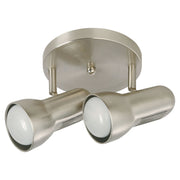 Modern Design Ceiling Lamp 2 lights E27 9972 (Bulb sold separately)
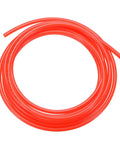 Coiled Red PU Pneumatic Tubing Hose For Air Compressor 8mm Outer Diameter By 5mm Inner, 5 Meters Long, heavy duty polyurethane line
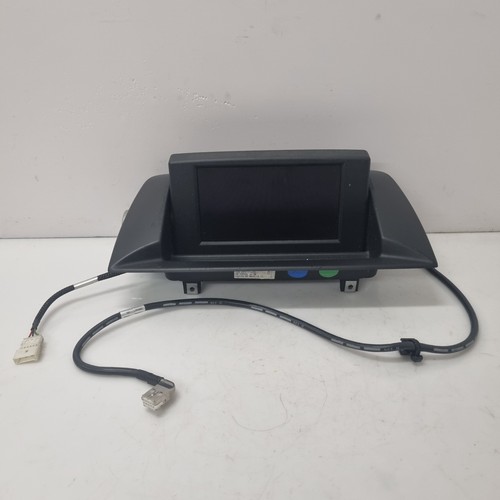 Ecran gps motorisé bmw e81 - gps,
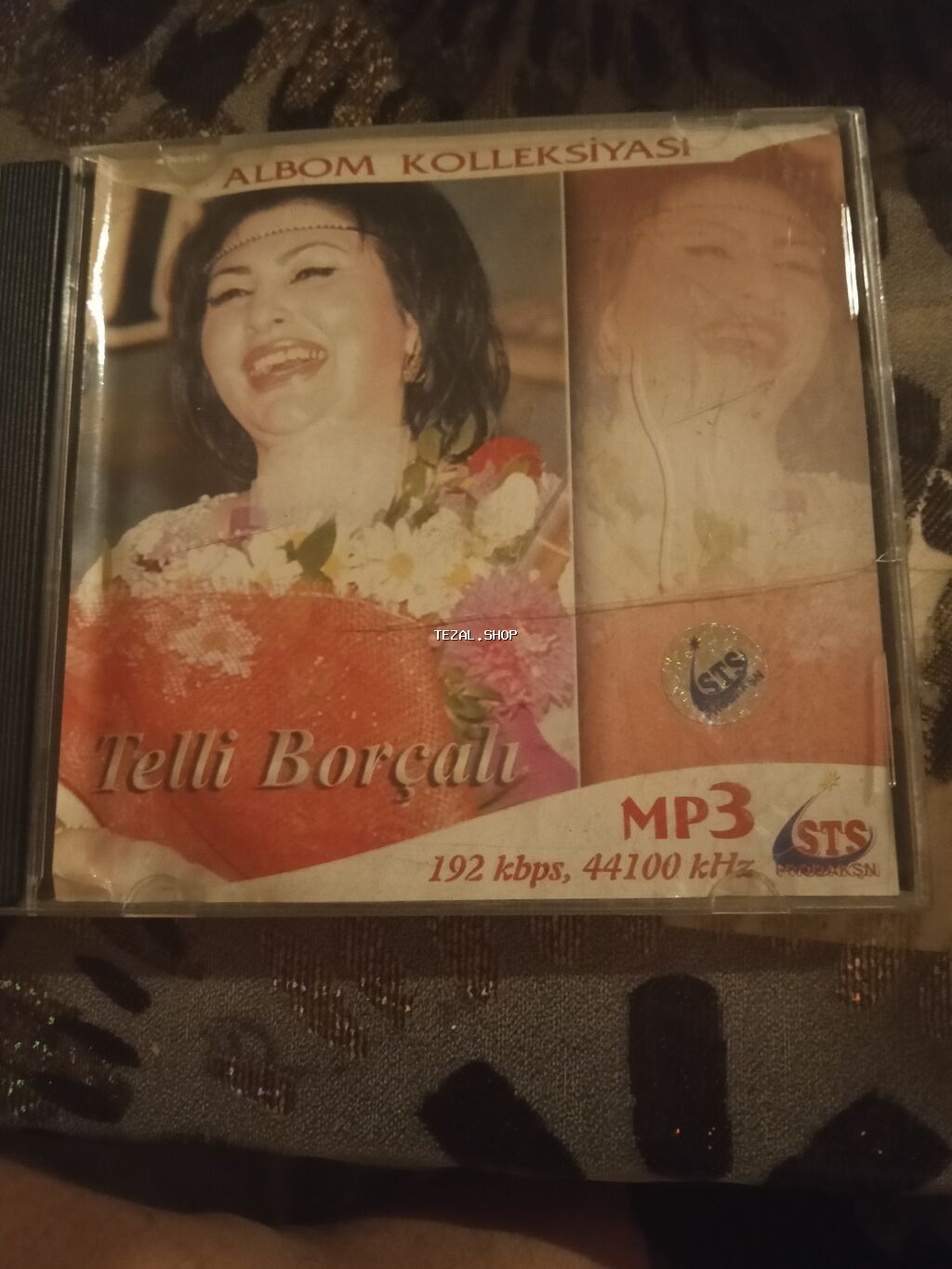 Məhsul: MP3 albom – “Telli Borçalı” (Albom Kolleksiyası) İstehsalçı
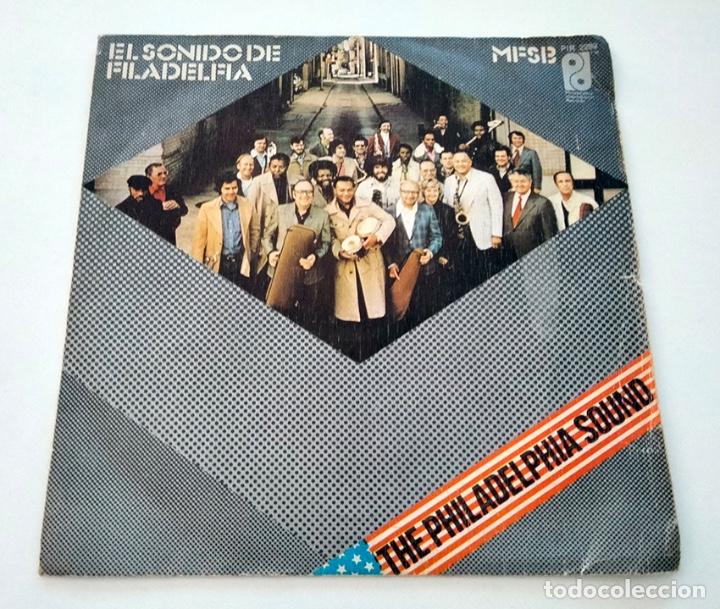 Discos de vinilo: VINILO SINGLE DE MFSB. EL SONIDO DE PHILADELPHIA. 1974. - Foto 1 - 295717378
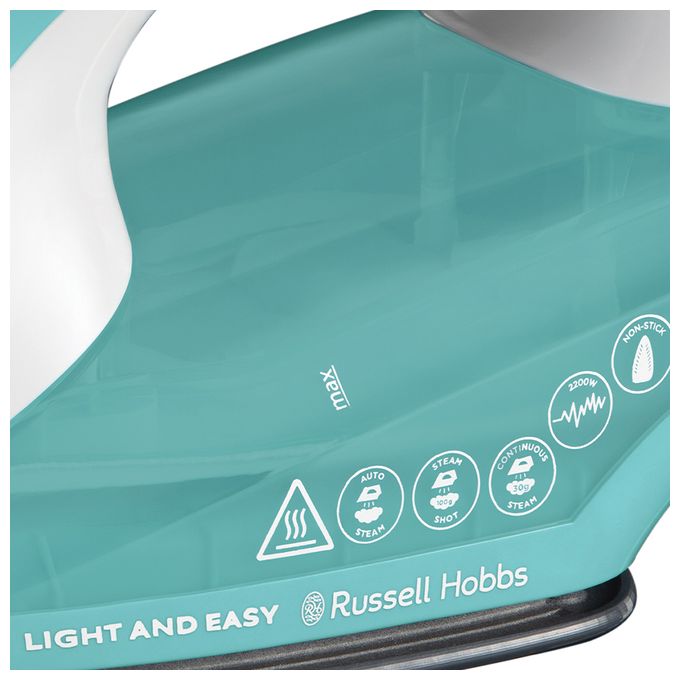 30 g/min Dampfbügeleisen 26470-56 Light and Easy 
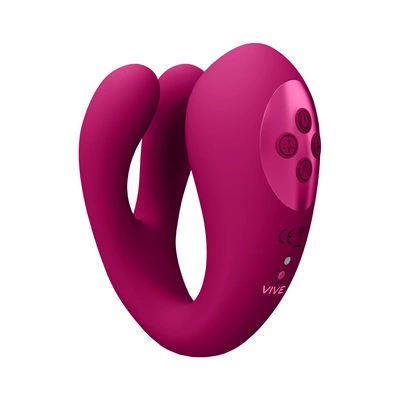 Vive By Shots „Vive“ MOTERIŠKOS MAKSTINĖS KLITORINĖS VIBRATORIAUS PULSAS PORAI 10 USB REŽIMAS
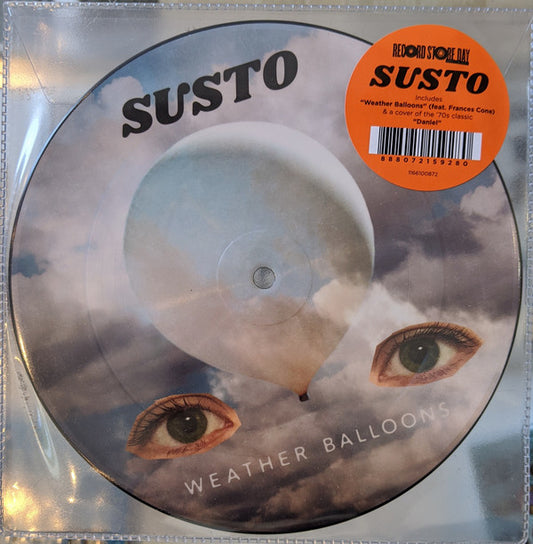 Susto : Weather Balloons b/w Daniel (7", Pic)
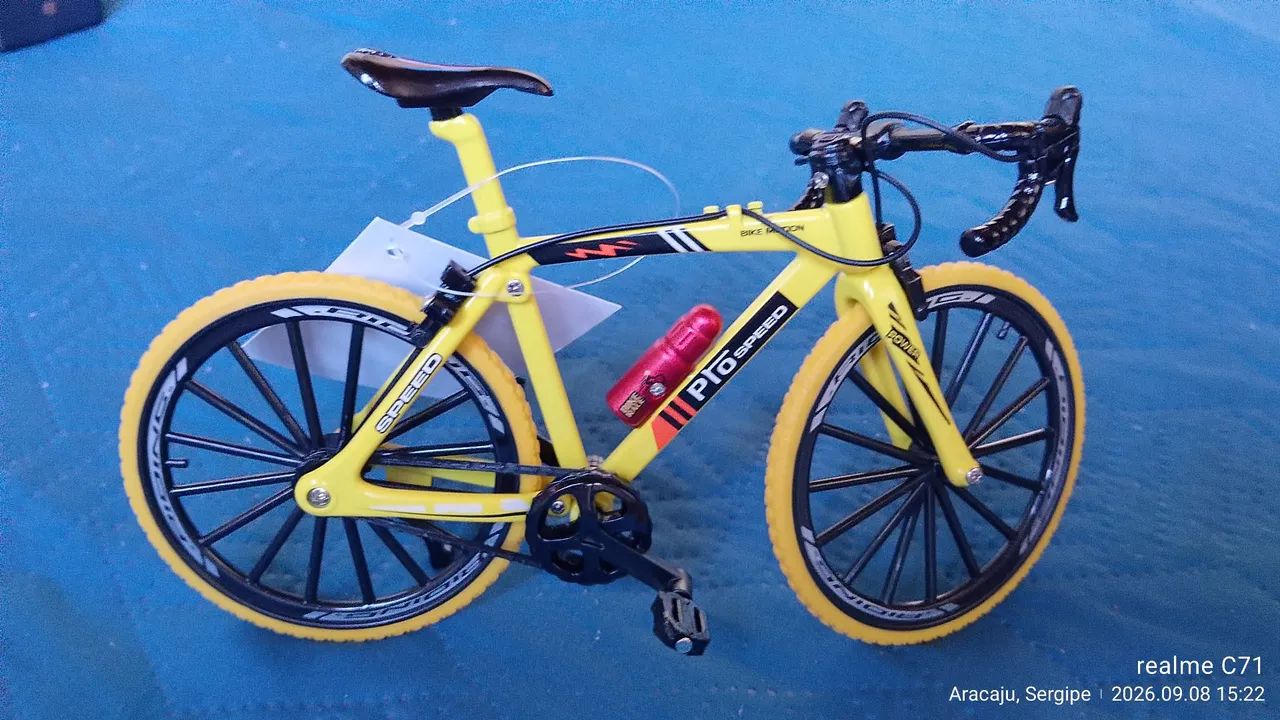 Mini bicicleta pra colecionador vários modelos  - Foto 5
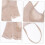 Calzini da donna in cotone con punta separata, invisibili, senza punta. 6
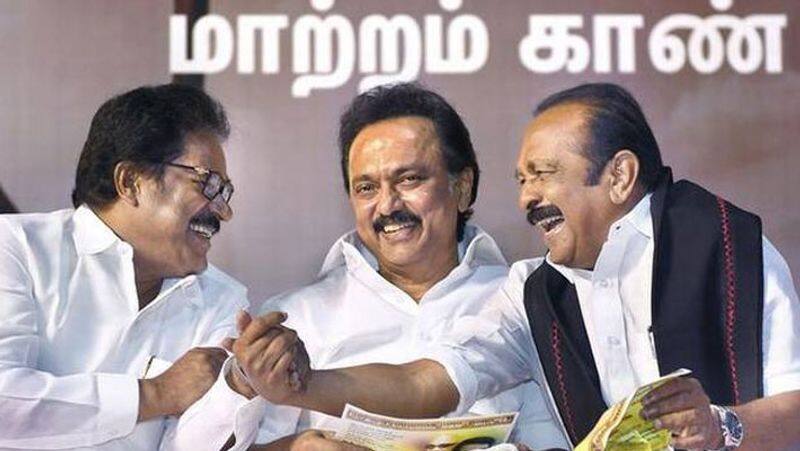 Stalin tension... DMK coalition is cracking!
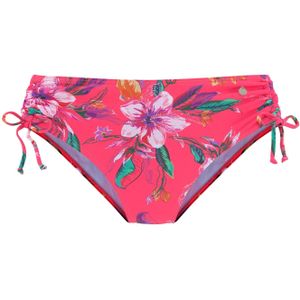 LASCANA Bikinibroek  gemengde kleuren / rood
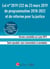 Loi n° 2019-222 du 23 mars 2019 de programmation 2018-2022 et de réforme pour la justice (ENM-CRFPA)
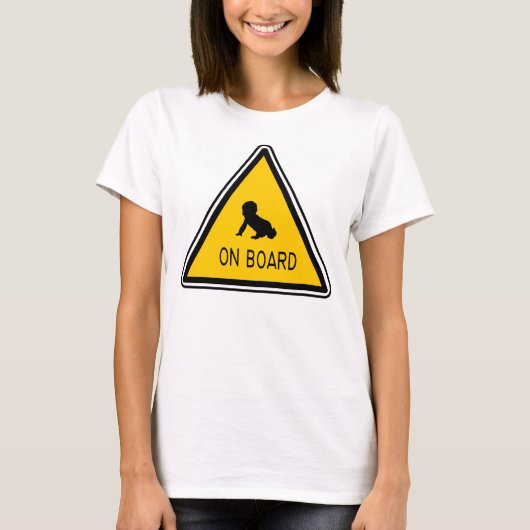 ベビー船上に Tシャツ (正面)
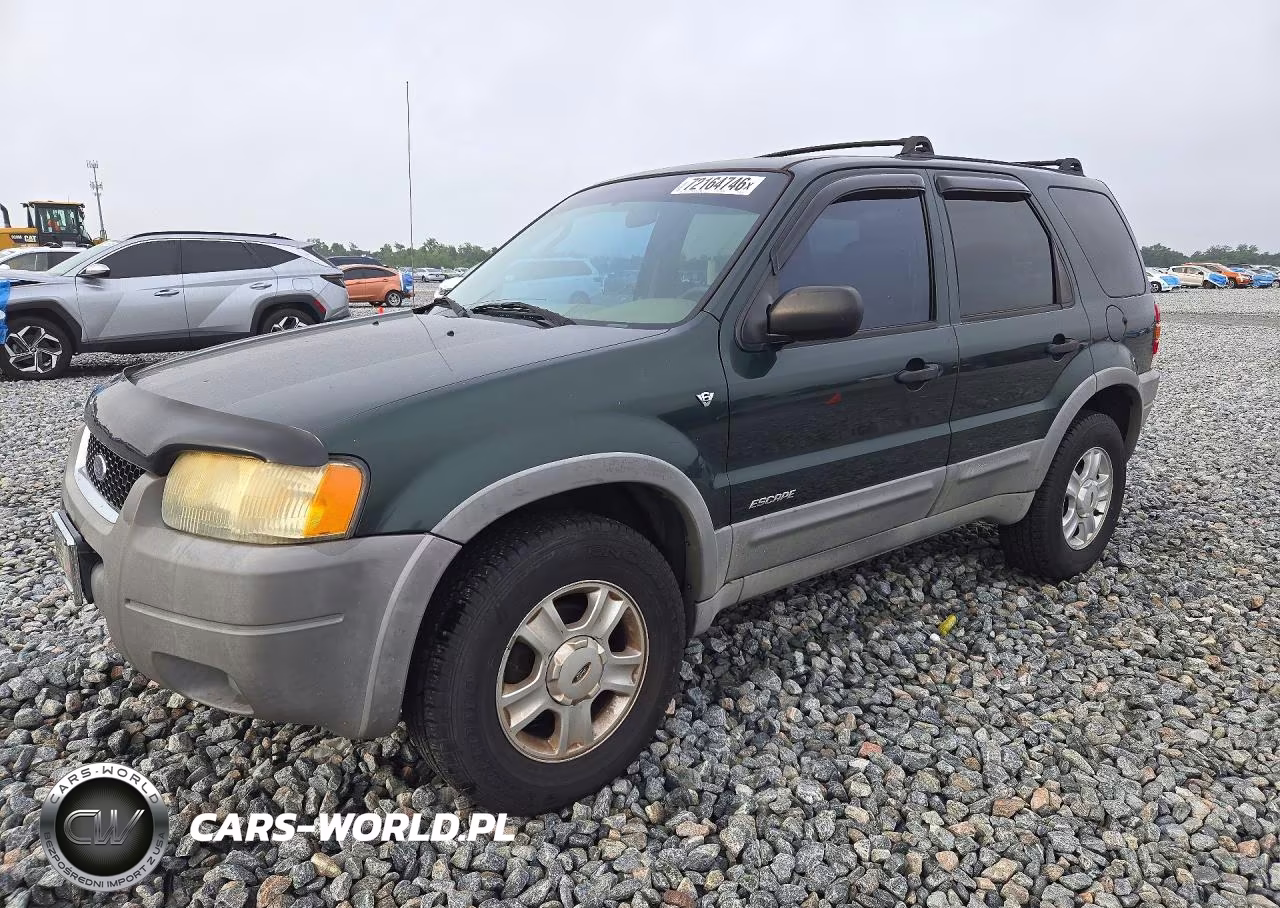 2001 Ford Escape Xlt VIN:1FMYU04191KB93311 - 1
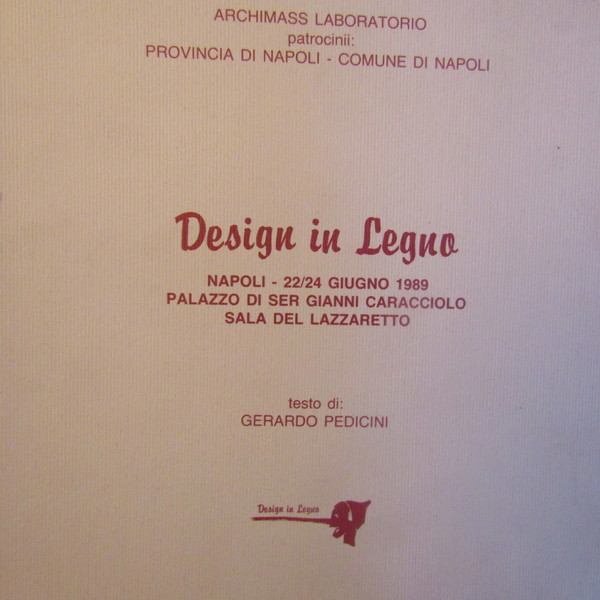 Design in Legno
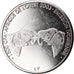 Coin, Ivory Coast, 1500 CFA Francs-1 Africa, 2003, Paris, MS(63), Nickel plated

________________________

Required work - Reproduce only the lines from the line that holds "Calzini da donna" through the end of the records, exactly as they stand, both ends included and pictures excluded.

Task response -
 Calzini da donna in cotone con punta separata, invisibili, senza punta. 6
 Stalin tension... DMK coalition is cracking!
 LASCANA Bikinibroek  gemengde kleuren / rood
 Loi n° 2019-222 du 23 mars 2019 de programmation 2018-2022 et de réforme pour la justice (ENM-CRFPA)
 ベビー船上に Tシャツ (正面)
 2001 Ford Escape Xlt VIN:1FMYU04191KB93311 - 1
 Design in Legno
 Coin, Ivory Coast, 1500 CFA Francs-1 Africa, 2003, Paris, MS(63), Nickel plated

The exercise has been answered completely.